Quien dijo estas palabras a la presidenta Cristina Kirchner y a los rescatistas el día posterior a la explosión en Salta 2141 fue Adrián Gianángelo, hermano de Débora, una joven de 20 años que luego fue hallada sin vida entre los escombros, una de las 22 víctimas de la peor tragedia que vivió la ciudad. 

“Yo no estaba enojado con Cristina. Estaba bien que viniera, pero quería que siguieran buscando a mi hermana. Había otro que le gritaba y yo no estaba de acuerdo, mi prioridad era encontrar a mi hermana”, aclaró Adrián quien vivía con sus hermanos en el 3º C del edificio que ya no existe. De su departamento, nada quedó.

Adrián recordó en diálogo con Sí 98.9 que ya venía denunciando irregularidades del consorcio sobre los arreglos del gas. También contó que ayudó ese fatídico día a rescatar a los vecinos junto a los bomberos, y como lo vivió “muy desde adentro” no habló con los medios luego del episodio. “Me costó mucho salir de esto –puntualizó, y aclaró luego– agradezco que me hayan preguntado por ese audio en que le hablé a la presidenta, porque nunca pude aclarar que no tuve la intención de increparla, sino convocar a seguir trabajando”.

Sobre los momentos posteriores al estallido, recordó: “Estuvimos tanto buscando, y yo sabía dónde estaba mi hermana. De los perros había una labradora llamada Luna que apuntaba hacia arriba.
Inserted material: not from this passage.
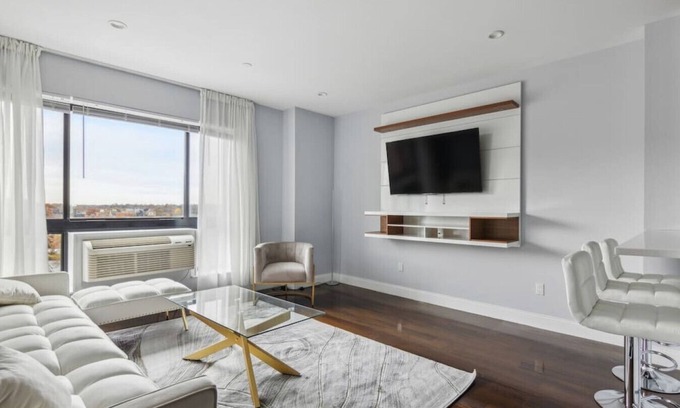 Southeast Yonkers Apartment | Luxury Penthouse Suite NYC! Parking+Gym+GameRoom!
Empezaron a sacar mis pertenencias, me daba cuenta por los azulejos y mis frazadas. Yo veía que el edificio estaba desplazado hacia la propiedad horizontal que estaba al lado de La Gallega”. Continuó: “Y yo decía desde el comienzo que ahí estaba mi hermana porque el consorcio Calvillo y la propietaria del departamento nos obligaron a quedarnos, porque éramos el único departamento habilitado. O me quedaba yo o ella, y yo tenía que ir a Tribunales a hacer trámites. Mi hermana me dijo ‘Andá que me quedo yo’”.

Luego, un rescatista le dijo que habían encontrado a una chica rubia. Y entre las imágenes que trajo en su diálogo radial, describió: “A mi hermana la encontraron cambiada, estaba estudiando, murió por asfixia. Tenía dos Rosarios en la mano, uno era el mío, por lo que sé que tuvo tiempo de ir a mi pieza a buscarlo y volver a su pieza, donde fue encontrada debajo de la cama”.

Analizó Adrián: “Por un minuto de oxígeno cambia todo, porque nadie puede determinar en qué momento falleció mi hermana”. Contó, incluso, que “el acta de fallecimiento y el acta legal dicen cosas diferentes”.

Recordó que aquel martes 6 de agosto, minutos después de la explosión, estaba en Tribunales : “Cuando estaba en el Tribunal un juez me dijo “Che, Adrián, mirá, pasó esto en tu zona”. Y reforzó: “En un minuto te cambia la vida”.

“Nada te golpea más fuerte que la vida misma, pero la seguimos peleando, yo soy de afuera pero la ciudad en esos días me brindó tanto cariño que con los familiares queremos hacer cosas”, planteó. Y detalló que “estamos presentando un proyecto de Memorial que está colgado en calle Salta para el que quiera conocerlo, es de capacitaciones, conferencias, un lugar agradable para los vecinos. No va a ser un cementerio como dicen”.

Sobre la situación de la causa, Gianángelo apuntó que “la justicia no tiene la misma velocidad que el hombre. Nos tocó una justicia lenta, y sólo cinco familias fuimos querellantes, de las cuales sólo la mía acusó a los responsables. Y ahora que el caso pasó a sentencia, esperamos que los jueces agarren el martillo y hagan justicia, les den prisión efectiva, y no puedan ser libres. Que se haga justicia”.